■ **Your objective**:
Retype, word for word, every line from the one holding "Goldendoodle - Both" through the one holding "Purple Iris" in the entries below, both included, and only those lines.

Records from a data collection
Segment Open

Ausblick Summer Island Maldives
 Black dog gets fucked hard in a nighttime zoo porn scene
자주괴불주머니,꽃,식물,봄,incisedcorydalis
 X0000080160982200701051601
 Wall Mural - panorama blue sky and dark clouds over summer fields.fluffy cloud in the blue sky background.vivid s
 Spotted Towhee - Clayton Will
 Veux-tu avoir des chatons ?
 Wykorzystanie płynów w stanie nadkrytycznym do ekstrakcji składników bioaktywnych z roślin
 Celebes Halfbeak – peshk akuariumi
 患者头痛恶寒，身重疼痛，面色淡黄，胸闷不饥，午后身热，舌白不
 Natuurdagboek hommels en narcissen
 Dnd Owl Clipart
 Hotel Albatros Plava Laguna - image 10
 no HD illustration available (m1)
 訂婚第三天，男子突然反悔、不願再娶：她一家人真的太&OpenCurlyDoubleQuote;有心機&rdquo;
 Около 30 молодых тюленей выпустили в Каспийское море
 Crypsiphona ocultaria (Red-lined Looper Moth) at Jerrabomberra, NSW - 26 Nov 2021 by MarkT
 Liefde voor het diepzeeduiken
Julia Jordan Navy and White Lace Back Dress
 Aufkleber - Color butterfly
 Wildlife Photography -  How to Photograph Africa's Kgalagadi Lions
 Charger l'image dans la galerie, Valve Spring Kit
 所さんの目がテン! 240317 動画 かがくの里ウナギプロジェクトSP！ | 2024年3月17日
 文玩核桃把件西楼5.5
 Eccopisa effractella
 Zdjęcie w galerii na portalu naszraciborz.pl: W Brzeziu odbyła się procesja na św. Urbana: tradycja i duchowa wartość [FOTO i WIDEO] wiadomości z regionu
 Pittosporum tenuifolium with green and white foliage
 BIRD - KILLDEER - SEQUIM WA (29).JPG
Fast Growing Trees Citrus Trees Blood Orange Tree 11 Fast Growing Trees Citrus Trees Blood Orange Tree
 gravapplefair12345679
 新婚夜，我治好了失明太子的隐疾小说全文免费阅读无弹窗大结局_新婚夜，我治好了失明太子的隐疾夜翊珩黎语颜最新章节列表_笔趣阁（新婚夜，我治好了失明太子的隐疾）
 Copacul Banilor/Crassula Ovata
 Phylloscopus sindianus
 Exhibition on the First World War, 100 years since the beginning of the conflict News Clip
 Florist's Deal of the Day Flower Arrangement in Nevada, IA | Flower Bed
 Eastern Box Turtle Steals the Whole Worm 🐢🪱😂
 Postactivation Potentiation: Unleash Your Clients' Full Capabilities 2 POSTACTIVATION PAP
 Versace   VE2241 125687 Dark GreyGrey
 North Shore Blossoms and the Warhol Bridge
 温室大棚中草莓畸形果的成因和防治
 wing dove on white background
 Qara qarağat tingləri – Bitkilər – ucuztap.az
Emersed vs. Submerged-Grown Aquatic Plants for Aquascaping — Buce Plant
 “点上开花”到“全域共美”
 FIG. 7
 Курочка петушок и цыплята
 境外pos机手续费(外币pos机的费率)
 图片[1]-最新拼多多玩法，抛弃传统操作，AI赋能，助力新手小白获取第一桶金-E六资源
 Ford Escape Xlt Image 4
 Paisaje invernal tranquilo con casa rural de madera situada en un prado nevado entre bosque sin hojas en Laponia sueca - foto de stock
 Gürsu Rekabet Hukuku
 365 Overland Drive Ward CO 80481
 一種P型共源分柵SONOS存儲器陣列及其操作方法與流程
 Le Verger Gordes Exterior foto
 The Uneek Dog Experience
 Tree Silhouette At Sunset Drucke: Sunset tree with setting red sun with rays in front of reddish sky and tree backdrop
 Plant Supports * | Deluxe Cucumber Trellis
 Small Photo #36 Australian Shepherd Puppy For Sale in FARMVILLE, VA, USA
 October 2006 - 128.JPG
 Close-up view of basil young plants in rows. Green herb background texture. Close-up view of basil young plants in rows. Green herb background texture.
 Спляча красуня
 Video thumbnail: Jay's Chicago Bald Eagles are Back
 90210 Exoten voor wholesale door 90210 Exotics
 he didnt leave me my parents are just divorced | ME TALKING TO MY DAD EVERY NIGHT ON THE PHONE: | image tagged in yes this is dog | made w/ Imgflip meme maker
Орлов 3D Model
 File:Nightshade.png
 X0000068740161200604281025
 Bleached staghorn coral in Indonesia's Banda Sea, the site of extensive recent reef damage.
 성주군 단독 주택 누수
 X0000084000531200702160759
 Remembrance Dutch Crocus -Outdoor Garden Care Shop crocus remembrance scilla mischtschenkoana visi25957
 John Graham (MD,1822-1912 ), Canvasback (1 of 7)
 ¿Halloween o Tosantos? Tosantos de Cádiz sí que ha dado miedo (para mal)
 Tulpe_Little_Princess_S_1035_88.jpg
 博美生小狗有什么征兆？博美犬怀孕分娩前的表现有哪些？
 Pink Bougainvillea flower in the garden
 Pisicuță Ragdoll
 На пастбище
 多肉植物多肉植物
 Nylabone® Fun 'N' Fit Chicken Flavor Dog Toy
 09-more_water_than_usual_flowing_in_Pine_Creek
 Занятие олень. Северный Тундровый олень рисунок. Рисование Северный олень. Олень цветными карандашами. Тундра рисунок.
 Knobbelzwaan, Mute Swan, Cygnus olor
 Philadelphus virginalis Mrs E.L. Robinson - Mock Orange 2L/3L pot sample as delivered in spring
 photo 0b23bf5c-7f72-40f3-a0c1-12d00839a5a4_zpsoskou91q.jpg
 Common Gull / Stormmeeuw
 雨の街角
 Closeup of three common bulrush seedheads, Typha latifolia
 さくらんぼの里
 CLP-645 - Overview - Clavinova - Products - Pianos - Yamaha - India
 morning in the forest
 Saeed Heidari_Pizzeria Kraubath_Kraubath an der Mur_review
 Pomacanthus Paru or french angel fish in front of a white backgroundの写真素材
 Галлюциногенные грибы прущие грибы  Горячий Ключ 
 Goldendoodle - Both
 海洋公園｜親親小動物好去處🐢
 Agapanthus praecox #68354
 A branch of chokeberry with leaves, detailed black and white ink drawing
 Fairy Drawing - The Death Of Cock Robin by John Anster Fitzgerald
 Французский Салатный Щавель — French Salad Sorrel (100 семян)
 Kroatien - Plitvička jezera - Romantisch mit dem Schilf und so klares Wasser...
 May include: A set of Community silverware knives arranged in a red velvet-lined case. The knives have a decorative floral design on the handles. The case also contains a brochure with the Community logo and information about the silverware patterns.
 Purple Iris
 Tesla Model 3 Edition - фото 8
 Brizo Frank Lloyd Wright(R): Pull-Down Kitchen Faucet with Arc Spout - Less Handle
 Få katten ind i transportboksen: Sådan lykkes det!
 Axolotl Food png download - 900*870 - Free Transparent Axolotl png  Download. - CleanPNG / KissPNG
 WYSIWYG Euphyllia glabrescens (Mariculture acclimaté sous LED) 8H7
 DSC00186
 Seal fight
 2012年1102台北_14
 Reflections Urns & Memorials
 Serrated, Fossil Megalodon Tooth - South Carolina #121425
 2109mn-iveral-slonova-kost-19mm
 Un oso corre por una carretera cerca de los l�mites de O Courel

Segment Closed

■ **Written reply**:
 Goldendoodle - Both
 海洋公園｜親親小動物好去處🐢
 Agapanthus praecox #68354
 A branch of chokeberry with leaves, detailed black and white ink drawing
 Fairy Drawing - The Death Of Cock Robin by John Anster Fitzgerald
 Французский Салатный Щавель — French Salad Sorrel (100 семян)
 Kroatien - Plitvička jezera - Romantisch mit dem Schilf und so klares Wasser...
 May include: A set of Community silverware knives arranged in a red velvet-lined case. The knives have a decorative floral design on the handles. The case also contains a brochure with the Community logo and information about the silverware patterns.
 Purple Iris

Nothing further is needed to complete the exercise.